FROM THE STANDPOINT OF A PROGRESSIVE BURGHER OF THE ORANGE FREE STATE.

THE ORANGE FREE STATE AND PRESIDENT KRUGER'S POLICY.

The Special Correspondent of the London Times at Bloemfontein sends an interesting despatch, dated 25th April, 1900, from which the following extracts are taken. They contain the views of a Progressive burgher of the Free State, the party lately led by Mr. J. G. Fraser, who, to the loss of all South Africa, was defeated in the Presidential election of 1896.

Few chapters in the history of the development of that anti-British movement which finally culminated in the present war in South Africa could be more interesting than that dealing with the political relations between the Orange Free State and the Transvaal.
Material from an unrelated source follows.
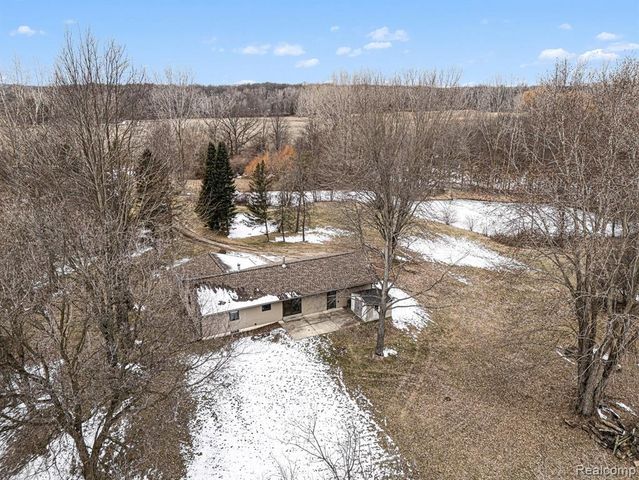 5051 Dutcher Road, Howell, MI 48843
Both Republics had their origin in the Great Trek. But, though both sprang from that movement of discontent with British rule, such as it was in the thirties, there was a great difference in the degree of the discontent. A large section of the emigrant farmers was composed of men of adventurous nomadic habits, impatient of all control, and bitterly hostile to all those elements of modern civilisation which British influence represented. It was these who, when in 1848 direct sovereignty over the country between the Orange and Vaal rivers was resumed by Sir Harry Smith, decided to cross over into the then almost unknown regions beyond the latter river, and founded various turbulent little States carved out of territories conquered from the natives. These ultimately coalesced into a single republic, which assumed to itself the ambitious title of the South African Republic. Those, on the other hand, whose grievances had been largely temporary and local, and who realised the advantages of some form of stable government, remained in the fertile country south of the Vaal, and, being joined by many immigrants, Dutch, English, and German, became the fathers of the Free Staters of the present generation. Thus there was from the very first a great difference of character between the two Republics, and for many years after the retrocession of the Free State intercourse between it and Cape Colony was much closer than between it and the Transvaal. There grew up in South Africa during the sixties and seventies a Dutch nationalist aspiration, aiming at the ultimate creation of an united Dutch South Africa from which English rule should be eliminated. This aspiration was chiefly fostered by foreign

immigrants, Hollanders and Germans, who came to seek their fortunes in the Republics, and by some of the more educated among the Cape Dutch who had studied in Europe, and there imbibed the views about nationalism which were in fashion with the generation that followed the halfnationalist, half-liberal movement of 1848. Conspicuous among these were men like Carl Borckenhagen, a talented, ambitious and unscrupulous German, who, through the medium of his journal, the Bloemfontein Express, and still more through the enormous secret influence he exercised over President Reitz and his successor Steyn, devoted all his powers to the propagation of the nationalist idea of hatred of England; F. W. Reitz, a rising advocate in Cape Colony, who afterwards rose to become Chief Justice and President of the Free State, and is now State Secretary of the Transvaal; the Rev. S. J. du Toit, editor of the Patriot—since converted to a sounder appreciation of what the future welfare of South Africa demands. It was these three men who, in 1882, founded the Afrikander Bond. In President Burgers, too, with his magnificent plans for the future development of the South African Republic, these views found a typical representative.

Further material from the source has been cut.